**INSTRUCTIONS TO FOLLOW**
Copy out exactly, from the entries that follow, the line holding "Babyhug Cambric Woven", the line holding "Rehnuma Nisha Ajrak Kurta - Image 2", and all lines between them, but no pictures.

**SUPPLIED DATA**
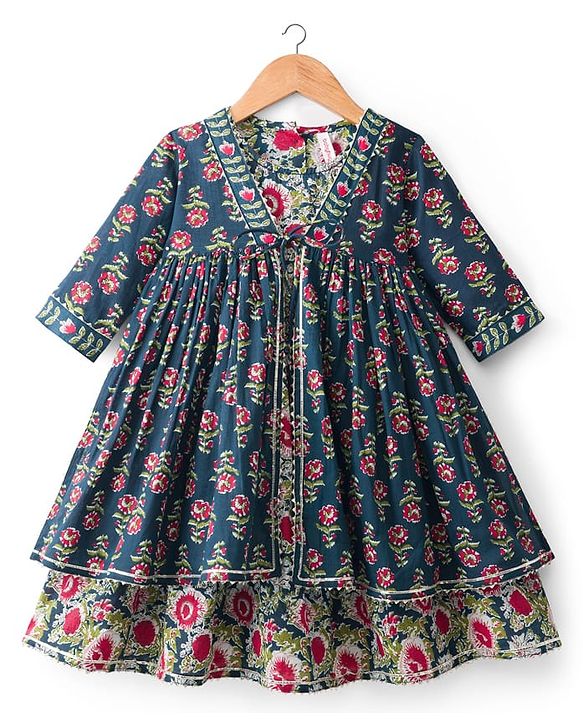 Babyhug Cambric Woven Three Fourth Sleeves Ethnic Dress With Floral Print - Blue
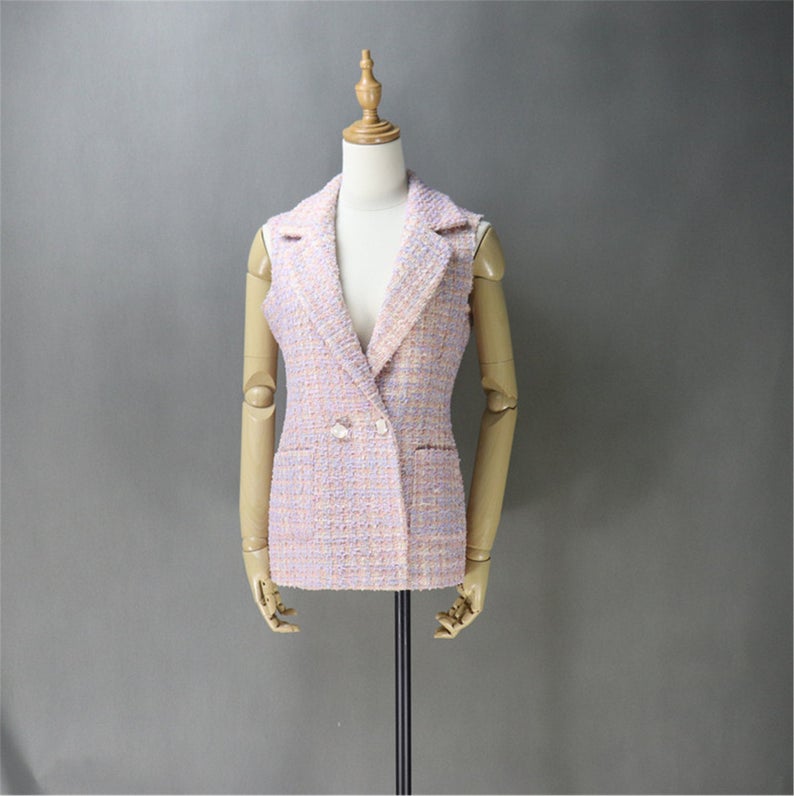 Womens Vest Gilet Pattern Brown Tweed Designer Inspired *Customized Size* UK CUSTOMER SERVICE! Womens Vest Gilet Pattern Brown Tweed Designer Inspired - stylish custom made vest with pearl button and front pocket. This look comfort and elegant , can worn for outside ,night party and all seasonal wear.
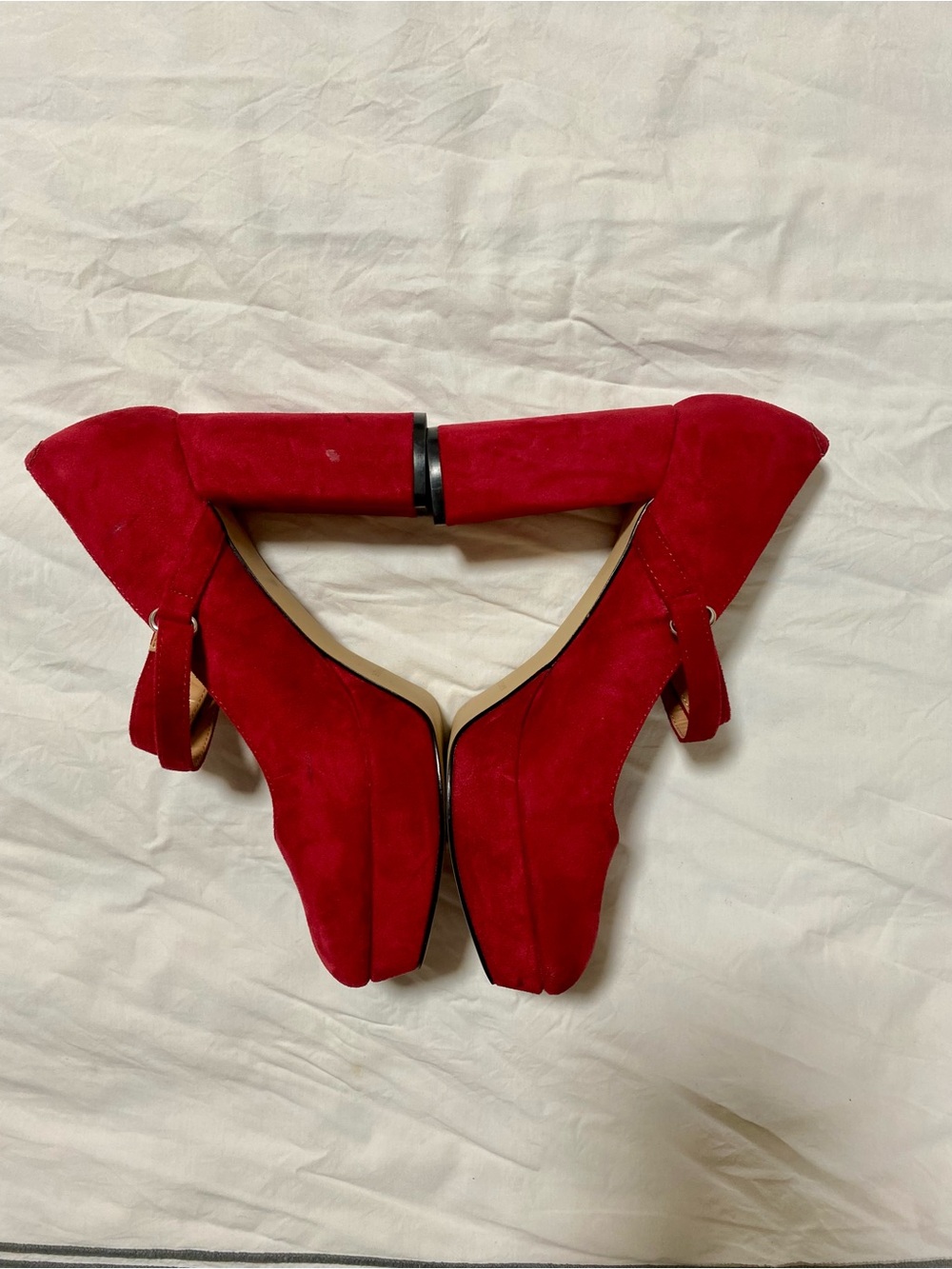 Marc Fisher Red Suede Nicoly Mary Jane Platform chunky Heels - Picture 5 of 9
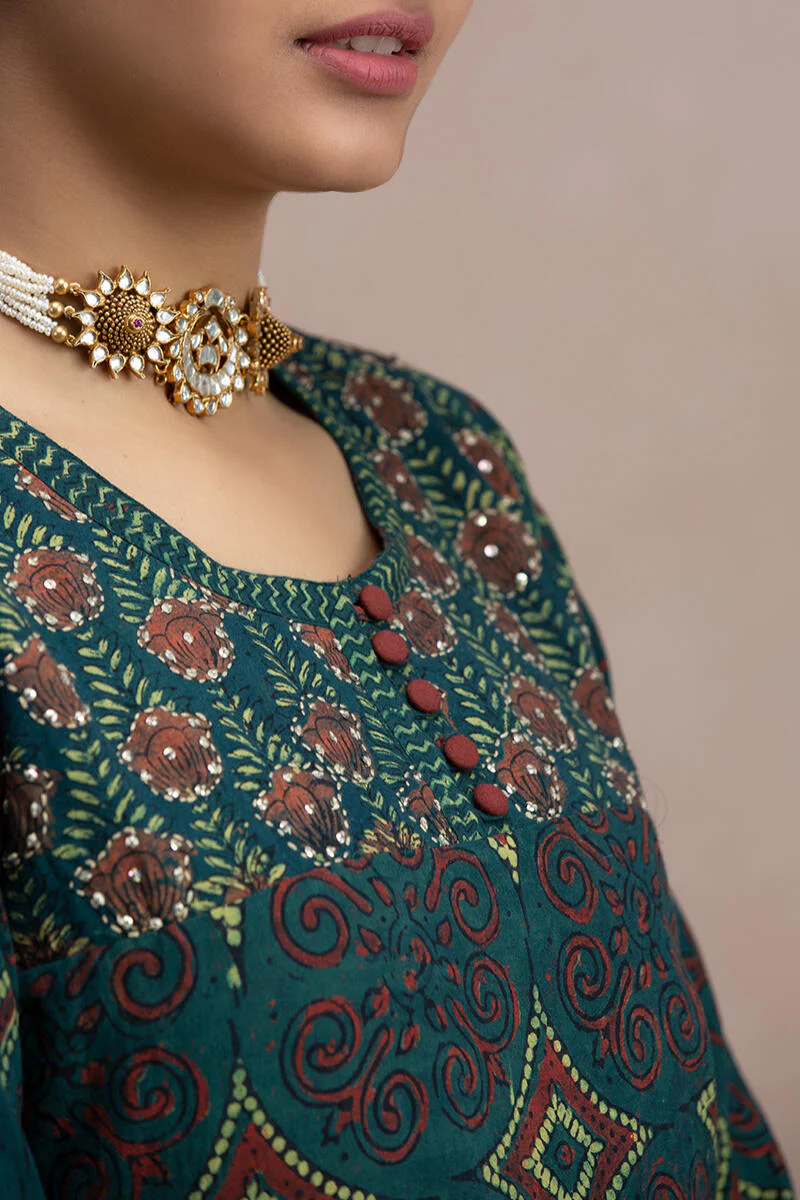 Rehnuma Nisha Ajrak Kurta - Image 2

* * *

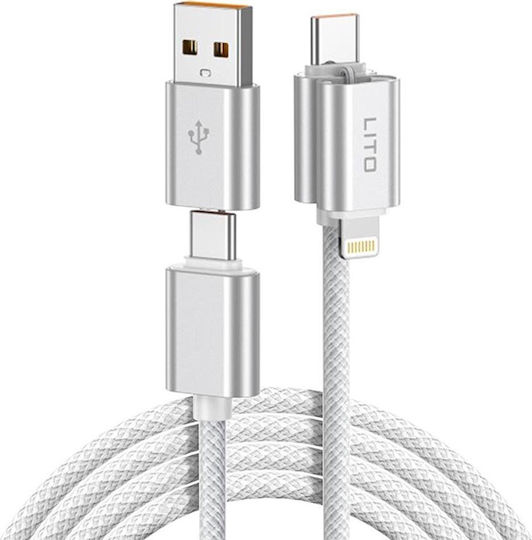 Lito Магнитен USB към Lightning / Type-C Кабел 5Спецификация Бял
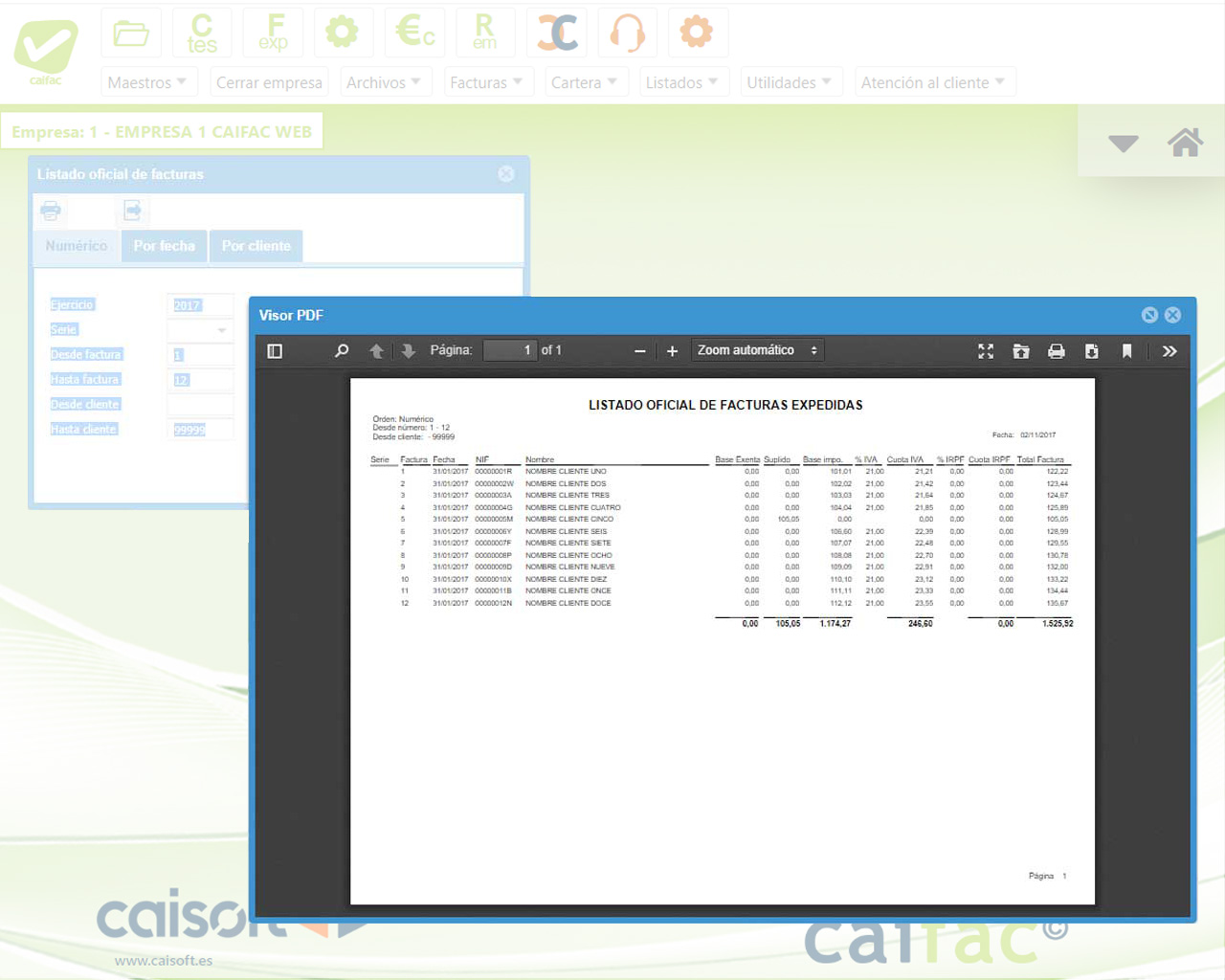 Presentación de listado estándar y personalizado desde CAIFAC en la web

**EXERCISE RESULT**
 Babyhug Cambric Woven Three Fourth Sleeves Ethnic Dress With Floral Print - Blue
 Womens Vest Gilet Pattern Brown Tweed Designer Inspired *Customized Size* UK CUSTOMER SERVICE! Womens Vest Gilet Pattern Brown Tweed Designer Inspired - stylish custom made vest with pearl button and front pocket. This look comfort and elegant , can worn for outside ,night party and all seasonal wear.
 Marc Fisher Red Suede Nicoly Mary Jane Platform chunky Heels - Picture 5 of 9
 Rehnuma Nisha Ajrak Kurta - Image 2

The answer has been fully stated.